A Kanazawa si completa la visita con un giro nel
quartiere delle geishe e in quello dei samurai. Le
stradine fiancheggiate da costruzioni in legno
di queste aree sono piacevoli e belle da vedere,
ma ormai la mia testa è in stazione, sia per
prendere il treno per Takayama, ma soprattutto
perché in mattinata ho individuato, tra i negozi
della stazione, una pasticceria stratosferica.
Quindi abbandono il gruppo e corro lì. Ben
attento a evitare i dolci dall’aspetto invitante ma
poi ripieni di pasta di fagioli dolci (che poi fanno
schifo come quelli non dolci), punto ad una fetta
di torta dall’evidente aspetto una vera torta.
Accompagnata da una tazza di the nero (stavolta
evito il the verde, che in tutto assomiglia ad una
tazza di brodo di alghe di mare….), e mi rilasso in
attesa del treno locale da prendere a breve.
Nara
RACCONTI DI VIAGGIO | Giappone
Il treno per Takayama è un treno locale, non
particolarmente veloce. Siamo fortunati perché
abbiamo la prenotazione della prima fila del primo
vagone. Davanti a noi, separato da una parete
vetrata, solo il conducente, e quasi sembra che
sono io a guidare il treno!
Il paesaggio è notevole, e poco alla volta cambiano
i colori e le temperature….dopo circa un’ora di
viaggio, ai lati della ferrovia compaiono mucchi
di neve!!! poi tutto attorno diventa innevato.

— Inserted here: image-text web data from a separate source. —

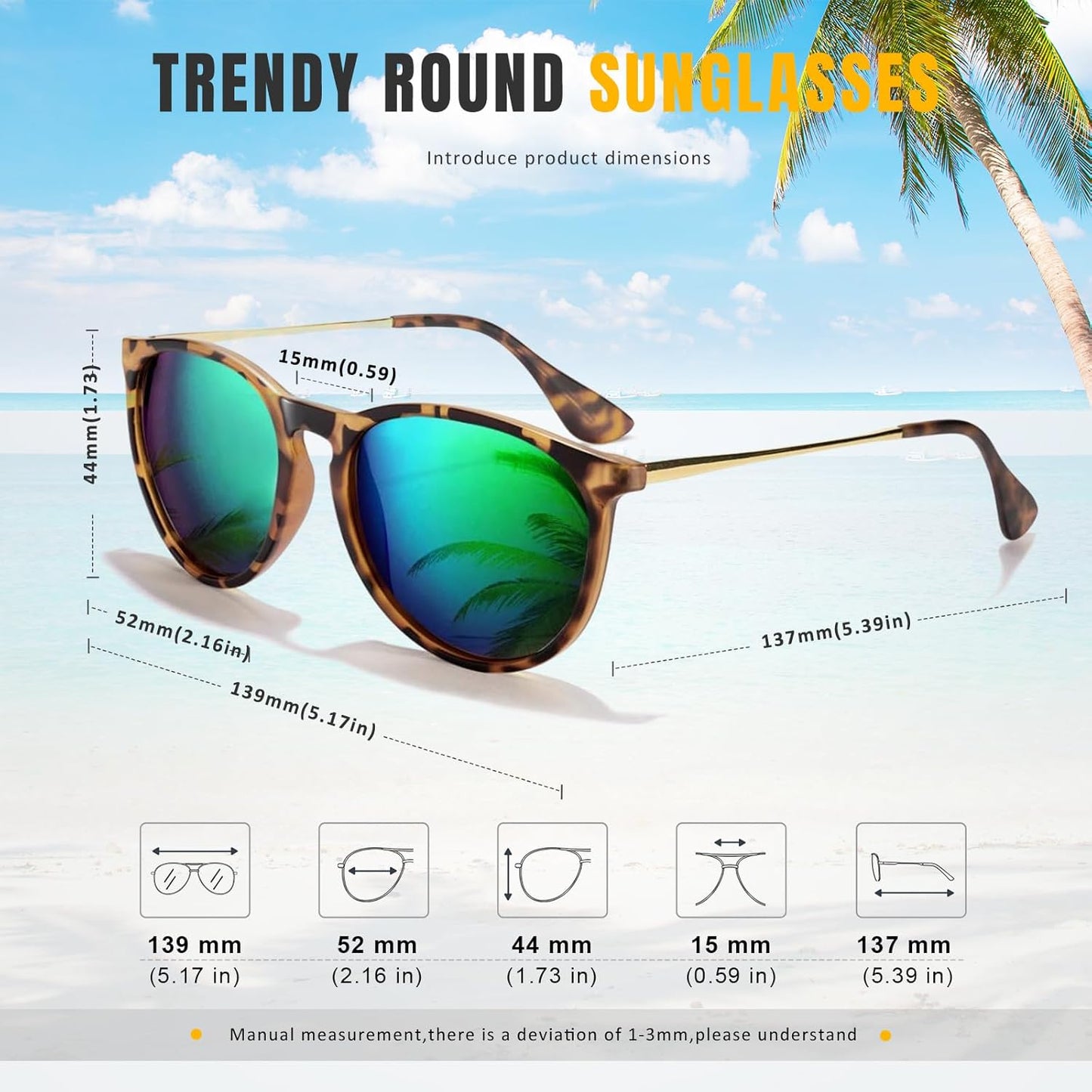 CHBP Sunglasses Womens Men Polarized UV Protection Trendy Vintage Retr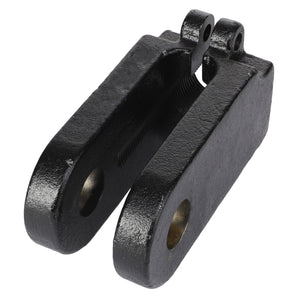 The AGCO | CYLINDER CLEVIS - AG238257, produced by AGCO, is a black metal yoke component with two parallel arms, each featuring a circular hole and a threaded interior section.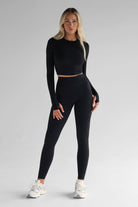 SCULPT Long Sleeve Crop - Black - LEELO ACTIVE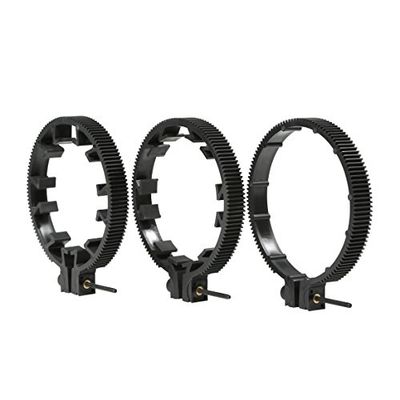 Movo Set di Anelli Regolabili FR3 con Follow Focus a 3 Dischi - Include Anelli per obiettivi da 65mm, 75mm e 85 mm (Standard MOD 32-0,8)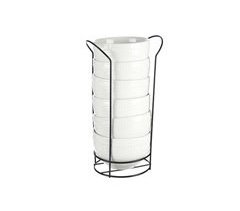 Conjunto de 6 taças em porcelana 800ml + suporte coleção VESSIA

Nonostante sia fine marzo, il paesaggio è
decisamente invernale.
All’arrivo, fa freddo, quindi niente scarpinata solita
per raggiungere l’hotel per risparmiare un paio
d’eurini, ma comodi in taxi. Scaricati davanti alla
locanda all’interno di un monastero, ci prepariamo
a dormire per la prima volta su un vero futon steso
su un vero tatami.
Inutile tentare di andare a cena in qualche
ristorante, nonostante siano solo le 21, è
praticamente tutto chiuso. Troviamo aperti i negozi
delle catene aperte 24/24, ovvero il solito 7eleven
e uno dei tanti Family Mart. Punto sul primo per la
cena. Cena che è in realtà una accozzaglia di roba
trovata tra gli scaffali: una specie di panino ripieno
di carne, un triangolo di pasta sfoglia che bisogna
essere un chimico per ipotizzare il tipo di ripieno,
annaffiati da una lattina di birra Asahi. D’altra parte
la scelta non è stata facile, difficile prendere a cuor
leggero le uova precotte o la caprese in barattolo o
i fusilli croccanti in scatola esposti sugli scaffali…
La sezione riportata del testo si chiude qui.